The wed RINO | January 15, 2006, 12:29pm | #

I just think reporters are experts on reporting, and have a job which often puts them in a situation where they're writing about subjects they don't know anything about.

Jeezus Joe, where's the fun in that.

happyjuggler0 | January 15, 2006, 12:49pm | #

amazingdrx,

Don't despair. We have a bunch of bomb loving lunatics of our own in the special forces arms of our military branches. This is why they are there in Afghanistan in the first place instead of gobs of regular army personel.

Mushroom | January 15, 2006, 1:10pm | #

happyjuggler0,
"This is why [special forces] are there in Afghanistan in the first place instead of gobs of regular army personel."
Umm, there are plenty of regular army personnel there- the 101st, 82nd, 173rd, and 10th have all been there at one time or another. Get your facts straight.

JD | January 15, 2006, 1:12pm | #

Well, at least we can still bash reporters for knowing absolutely jack about pretty much everything. In their defense, they have a tough job: they're supposed to report on everything, but you can't be an expert on everything. Still, there should be some kind of editor who knows something about any given topic, no? The individual reporter can be forgiven, but why does the whole process so routinely turn out howlers? Given what I read in the papers about topics I do know about, I assume everything else is of the same factual quality: shite. (ps: My favorite weapons-related gaffe was the ".9 mm pistol" one newspaper mentioned.)

Shannon Love | January 15, 2006, 1:41pm | #

I find it interesting that most commentators on this thread assume that the reports that there were no military targets in the village is absolutely true even though the second paragraph states:

"But the senior Pakistani official who spoke of Mr. Zawahiri suggested that the death toll was higher, and he said that at least 11 militants had been killed in the attack. Seven of the dead were Arab fighters, and another four were Pakistani militants from Punjab Province, said the official, who spoke on condition of anonymity because he was not authorized to brief the news media."

I would point out that by international law and convention it is the responsibility of combatants subject to attack to see to the safety of non-combatants in their vicinity. If combatants cohabitant with non-combatants and the non-combatants are harmed as a result, then the moral and legal responsibility falls on the combatants who were targeted. Adopting any other standard simply creates an incentive to use non-combatants as shields.

If there were legitimate military targets in the village then the moral responsibility for civilian deaths lays on them.

Ken Shultz | January 15, 2006, 1:59pm | #

If there were legitimate military targets in the village then the moral responsibility for civilian deaths lays on them.

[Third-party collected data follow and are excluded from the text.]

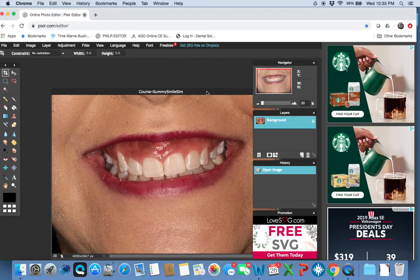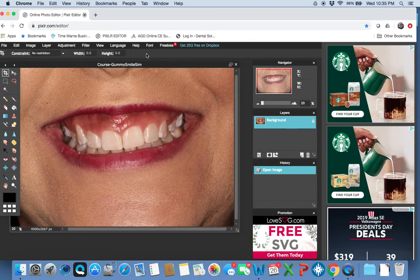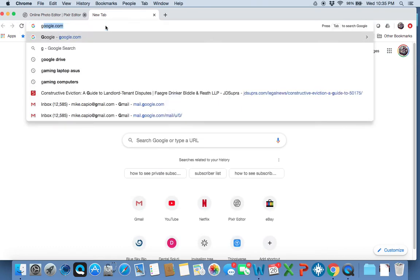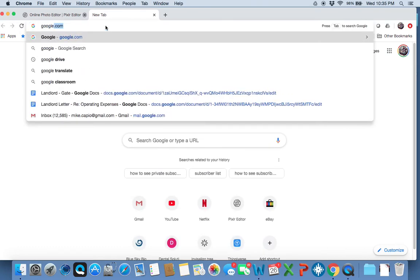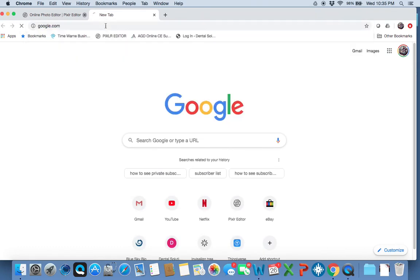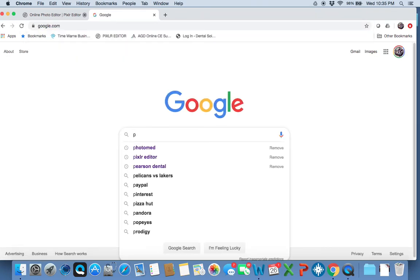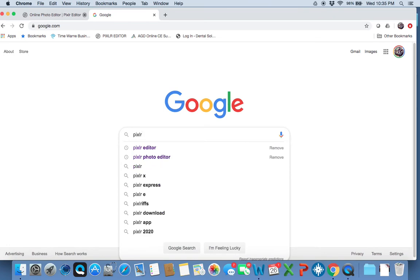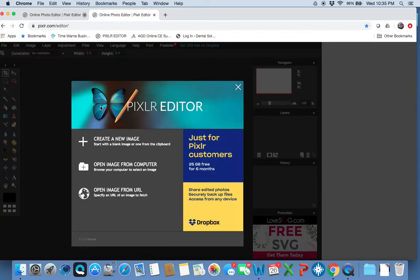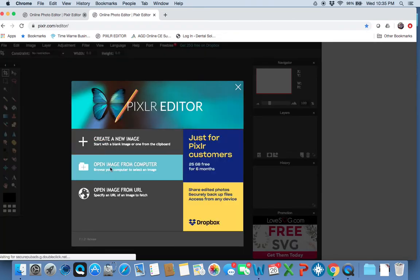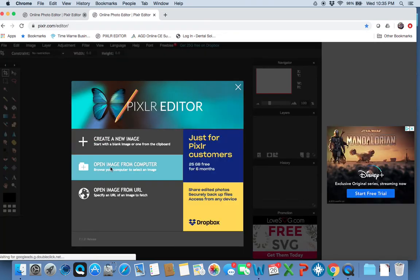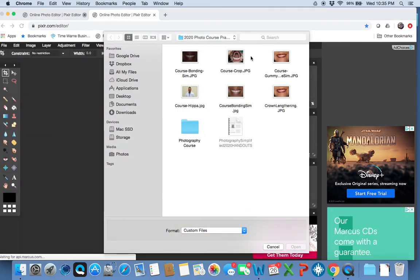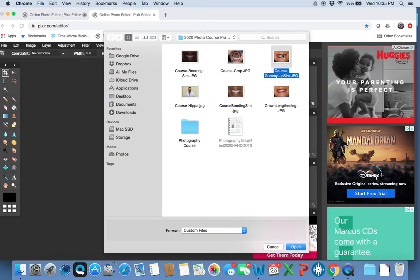I'm going to assume that you know nothing about Pixlr, so you can find it online. It's web-based, and it's P-I-X-L-R, Pixlr Editor. And we'll click on this, and I'm going to open the image.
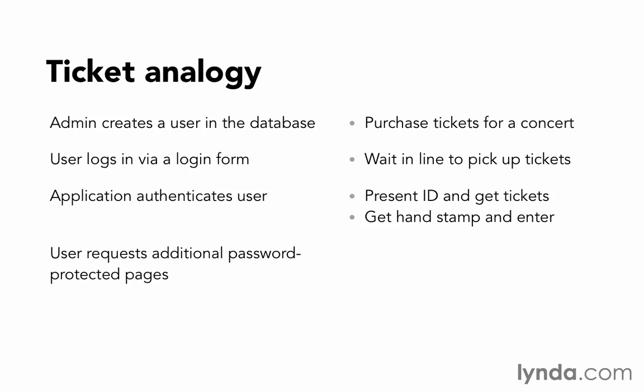When the user requests additional password-protected pages, well, that's like showing your hand stamp. You can avoid the line, you can simply just re-enter because we know that you have that stamp. You know that you're allowed to be there.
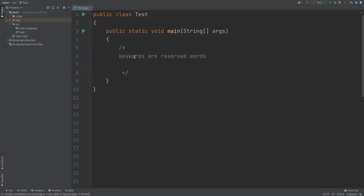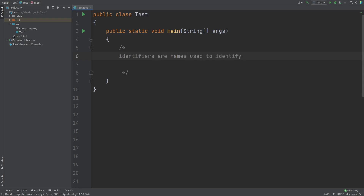The next term I want to explain is identifiers. In programming languages, identifiers are names used to identify a variable, methods, or any other entity that you are using in your program. Just like you are a human being and you have an individual name — your name is used for identifying you. If I call your name, then you will respond. So your name is just like the identifier.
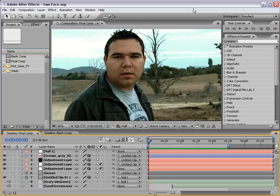Hey, what's up? Andrew Kramer here for VideoCopilot.net, your After Effects resource. This tutorial is a great one. It's very versatile, and you're going to find it's very useful for a number of things.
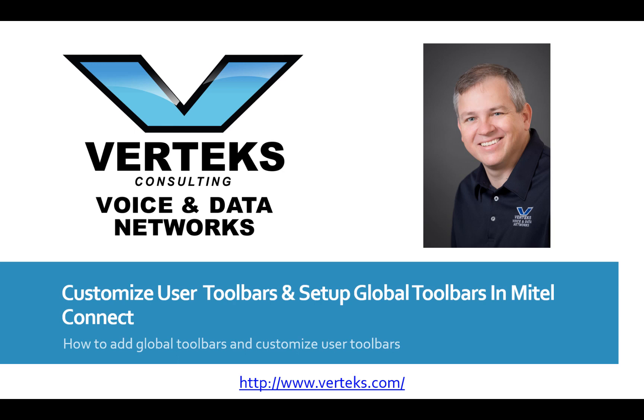Hi, everybody. This is Don Gulling, CEO of Vertex Consulting. I want to give you a quick demonstration and training on how to customize user toolbars and set up global toolbars in Mitel Connect, formerly Shortel.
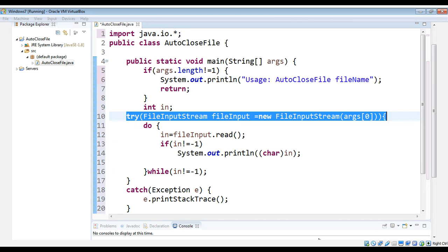Inside the try parentheses it declares a variable of type FileInputStream. The variable name is fileInput and it is local to the try block. So it is created in the try block, and when the try block exits, the stream associated with fileInput is automatically closed — you don't need to call close explicitly.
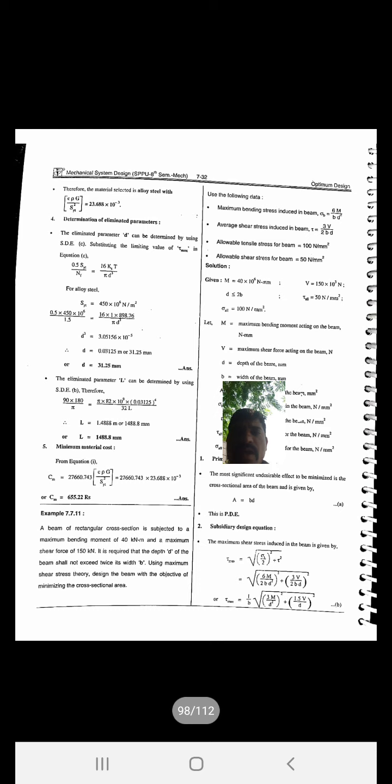Step: selection of material for minimum cost. The material selection factor cρG/Syt² is calculated for all available materials: 23.688×10⁻³, 30.24×10⁻³, 43.242×10⁻³, and 30.6×10⁻³. Alloy steel has the minimum value of 23.688×10⁻³, so alloy steel is selected for minimum cost.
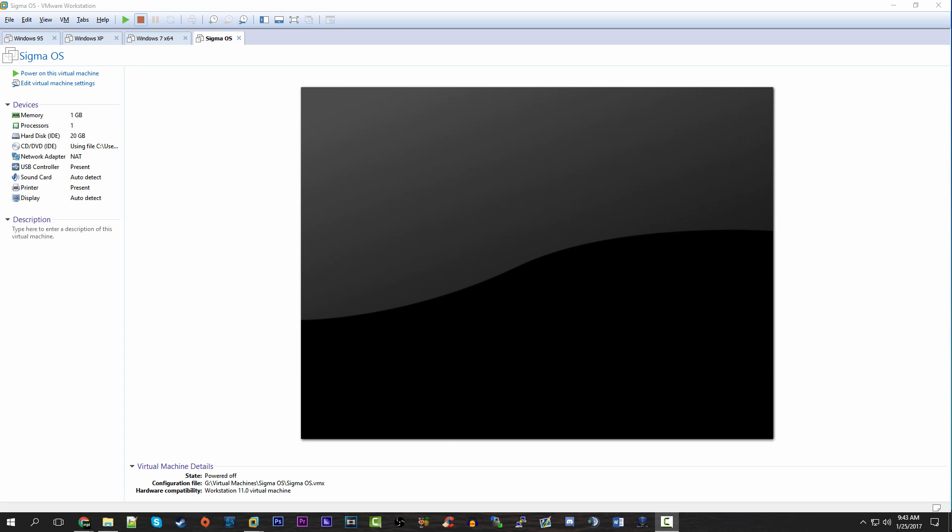Hello everybody and welcome back to another video. It's been about a week since I uploaded my last video on installing Tiny7 on a USB drive. It's just been one of those weeks where I've been super busy, but I've finally found some time today to make this video, which I've been really interested in making because of the operating system we're going to be taking a look at.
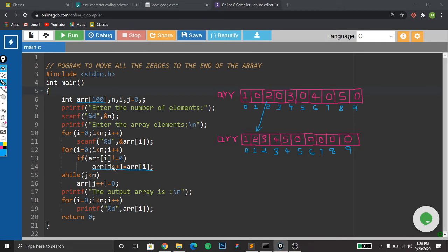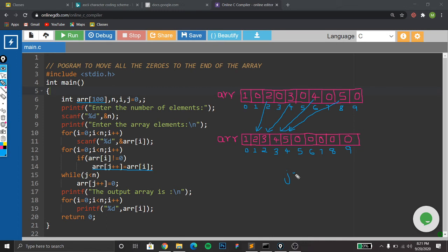j increments to two, i increments to three. When i is three the if statement becomes false. For i equal to four the if statement becomes true — ar[2] equal to ar[4], that is three will be moved to index position two. Then four will be moved to index position three and five will be moved to index position four. So we have the value of j as five — the count of non-zero elements is five.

I think it's easy to conflate "moral" and "legal" here. You may be right about it being perfectly legal, and, heck, you may even be absolutely right about the morality of this.

...actually, I don't have much of a problem with goin' after this guy. I think this was a function of the legitimate War on Terror in Afghanistan; I think it was done in self-defense against Taliban and Al Qaeda forces that attacked us, and I have no problems going after those enemies regardless of what side of the border they're on. I have few qualms about going after them with or without the approval of the Pakistani government too.

...but I also know that some things are both legal and immoral. Surely, the moral qualification process should weigh the value of non-combatant life. We are morally responsible for the civilians we kill, even if we're morally justified in, reluctantly, killing them.

Ken Shultz | January 15, 2006, 2:14pm | #

I find it interesting that most commentators on this thread assume that the reports that there were no military targets in the village is absolutely true...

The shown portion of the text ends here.